When staring at a high-level mathematical theorem, your goal as the user is to act as the “compiler,” using tactics to translate human semantics down into the raw spatial constraints listed above.

  1. Strip the Logical Scaffolding: The geometric engine evaluates spatial structures, not conditional hypotheticals. Use intro to strip away forall quantifiers and pull If premises down into your local Context as usable facts. Use destruct to break complex conjunctions (/\) into isolated facts.
  2. Unfold Semantic Definitions: The graph engine cannot read abstract properties like “Strongly Cantorian” or “Ordinal.” Use rewrite (alongside your global assume axioms) to unfold these abstractions into raw set theory (e.g., rewriting SC(x) to x = T(x)).
  3. Isolate the Friction: Use rewrite to substitute variables across your equalities until the core components of your target goal are expressed purely in terms of raw variables connected by = or e. You want to find the exact boundary where the theorem forces a variable to cross a typestate level.
  4. The Topological Handoff: Once your ProofState has been entirely stripped of implications, quantifiers, and abstract names, you gather the surviving structural equations and feed them into eval. The graph engine will instantly compute if that raw geometry can safely exist in finite computational space, or if it collapses into a negative-weight cycle (a paradox).

2.7 One-Shot Commands

You can still use the CLI in traditional one-shot mode for scripting or quick checks outside the REPL.

2.7.1 verify <formula>

Quickly evaluates a formula.

cargo run -p monist-cli -- verify "x = y"

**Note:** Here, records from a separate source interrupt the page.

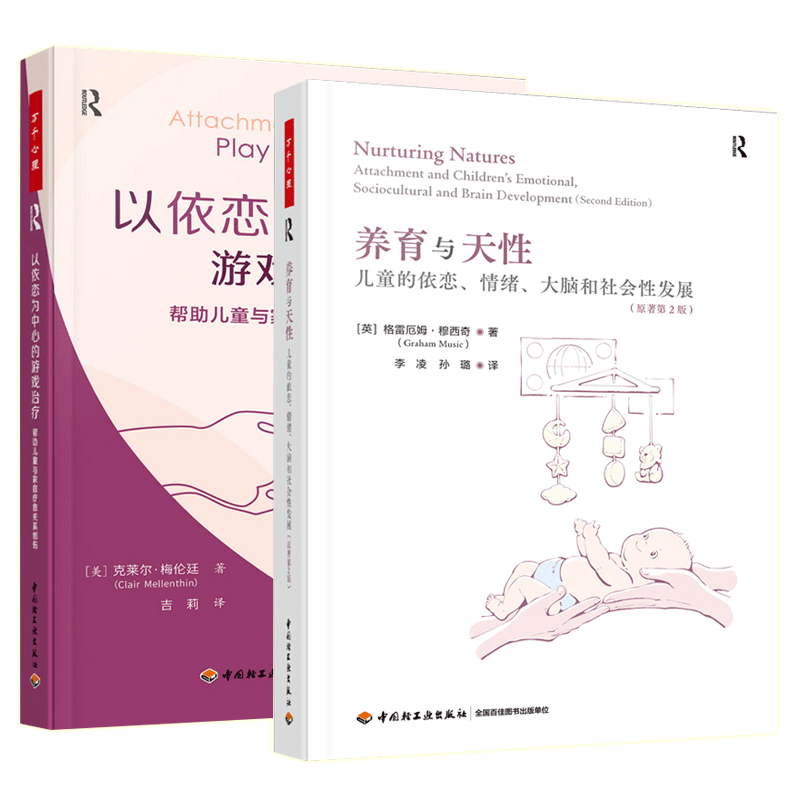 万千心理2册 养育与天性 儿童的依恋情绪大脑和社会性发展 原著第2版+以依恋为中心的游戏治疗 帮助儿童与家庭疗愈关系创伤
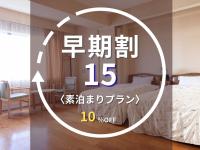 早期割インデックス15素泊まり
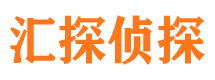 江川外遇出轨调查取证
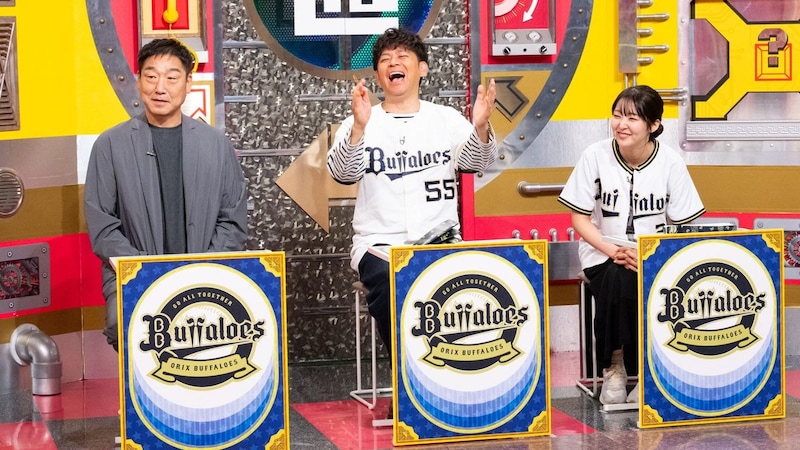 岡村隆史を真のオリックス・バファローズファンに鍛え上げるべく、名将・中嶋聡前監督と大のオリ党芸人が集結！ “エスピ”投手から日本語メッセージも！
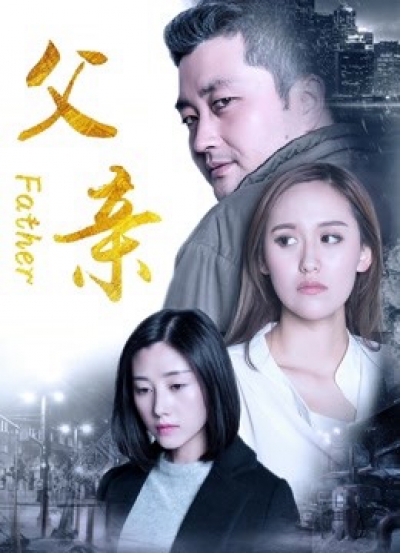 Người cha 2017, Father / Father (2017)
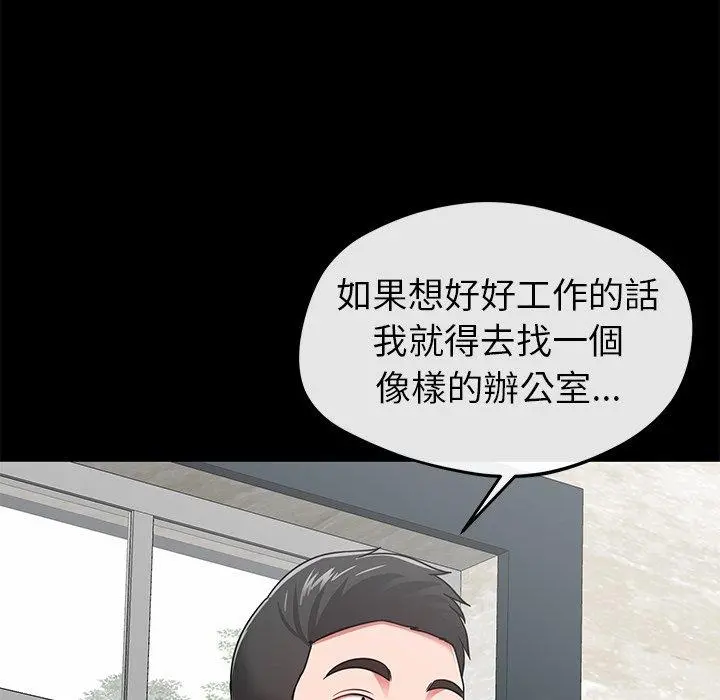 邻居的滋味 第24话 第96页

2.7.2 export-smt <formula>

Generates a StratificationWitness trace in standard SMT-LIB format for external theorem provers (like Z3 or CVC5).

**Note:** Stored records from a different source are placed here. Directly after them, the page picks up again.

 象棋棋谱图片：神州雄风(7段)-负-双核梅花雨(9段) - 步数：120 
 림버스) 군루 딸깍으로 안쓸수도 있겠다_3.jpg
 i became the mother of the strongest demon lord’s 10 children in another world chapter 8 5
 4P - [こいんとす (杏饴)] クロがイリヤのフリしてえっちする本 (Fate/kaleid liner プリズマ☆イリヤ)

cargo run -p monist-cli -- export-smt "x in y /\ y in z /\ z in x" > trace.smt2

2.8 Under the Hood: REPL Tactic Integration

The interactive REPL is not just a semantic parser; it actively bridges Natural Deduction to the CPU Geometry layer. We can observe this programmatic handoff in tools/monist-examples/src/bin/repl_tactic_integration.rs.

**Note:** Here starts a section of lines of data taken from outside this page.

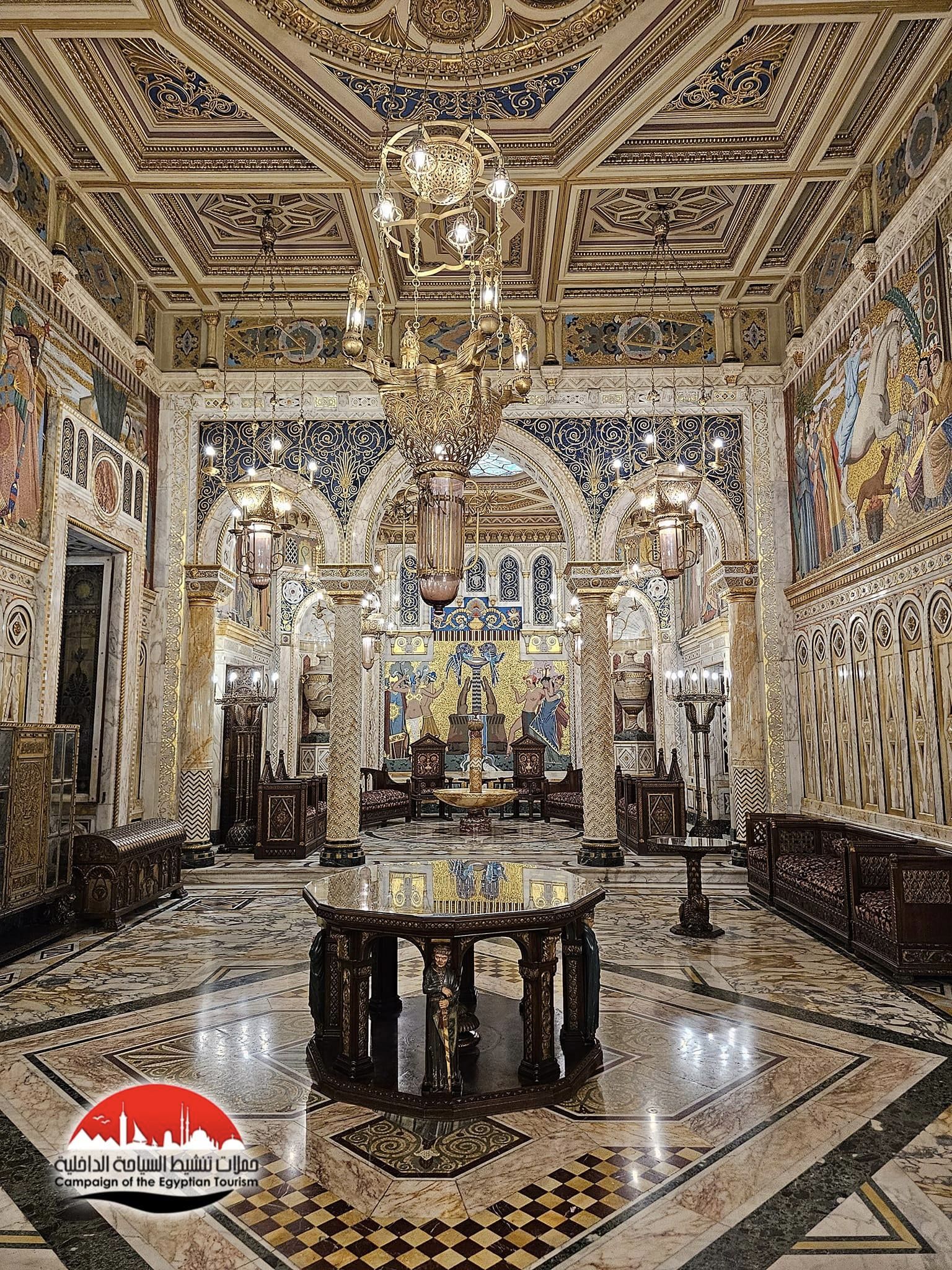 Abdeen Palace Museum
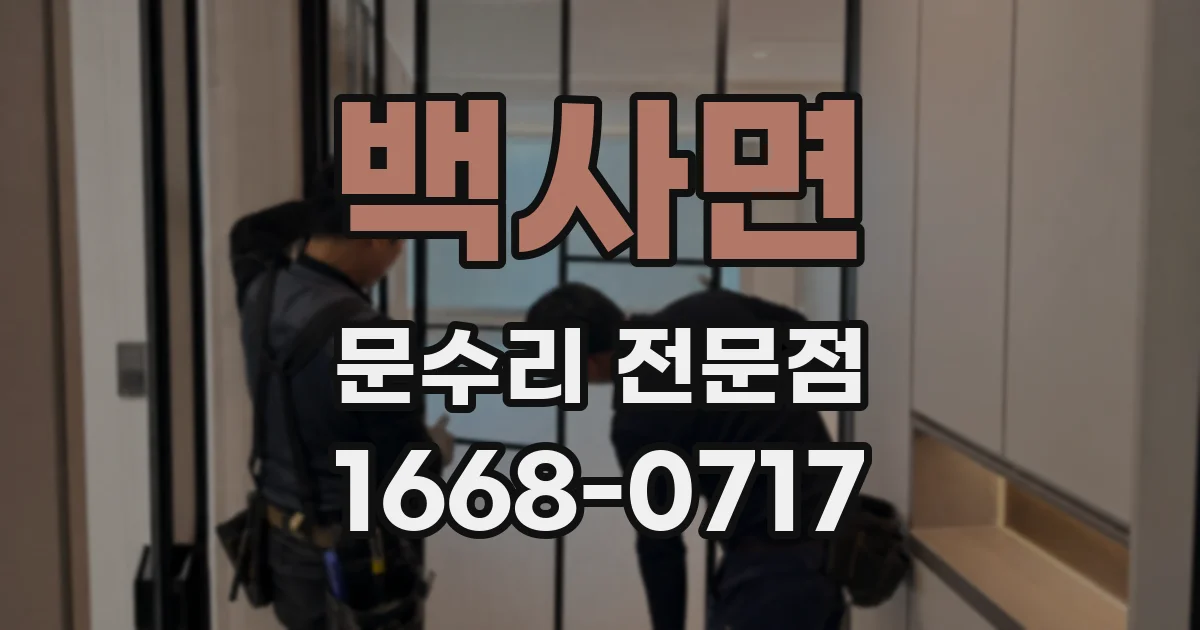 백사면 문수리 전문점
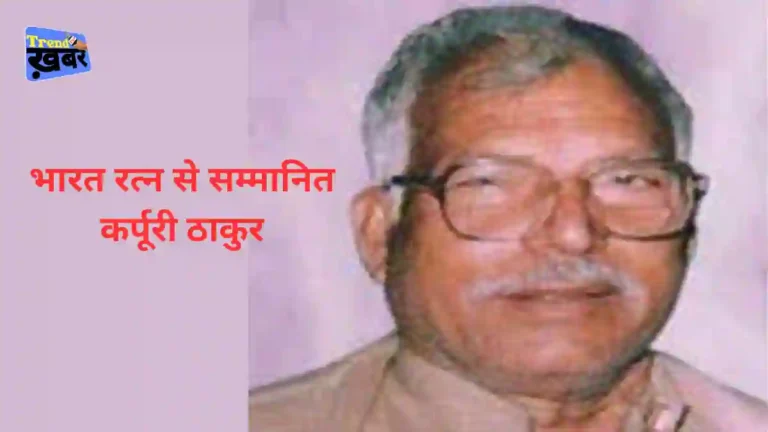 Bharat Ratna to karpoori thakur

When tactics are executed (intro, rewrite, destruct), the human interface manipulates an underlying FormulaArena.

let mut parser = Parser::new(formula, &mut self.arena);
let root_idx = parser.parse_formula();

// Extract the topological matrix
let constraints = extract_constraints_aux(&self.arena, root_idx, 0, false);
self.graph = GraphArena::from_constraints(&constraints);

When you query for a diagnostic limit (eval or step), the engine collapses 0-weight sub-graphs (equalities) using Kosaraju’s SCC algorithm and tests the geometry:

self.graph.collapse_scc_0_weight();

if let Some(limits) = ExecutionLimits::compute_for_graph(&self.graph) {
    println!("Execution Limits Computed: MCM = {:.2}", limits.mcm);
}

This effectively translates abstract set properties—like SC_Preservation—into absolute mathematical bounds tracking typestate differentials, automatically rejecting invalid topological matrices before combinator compilation.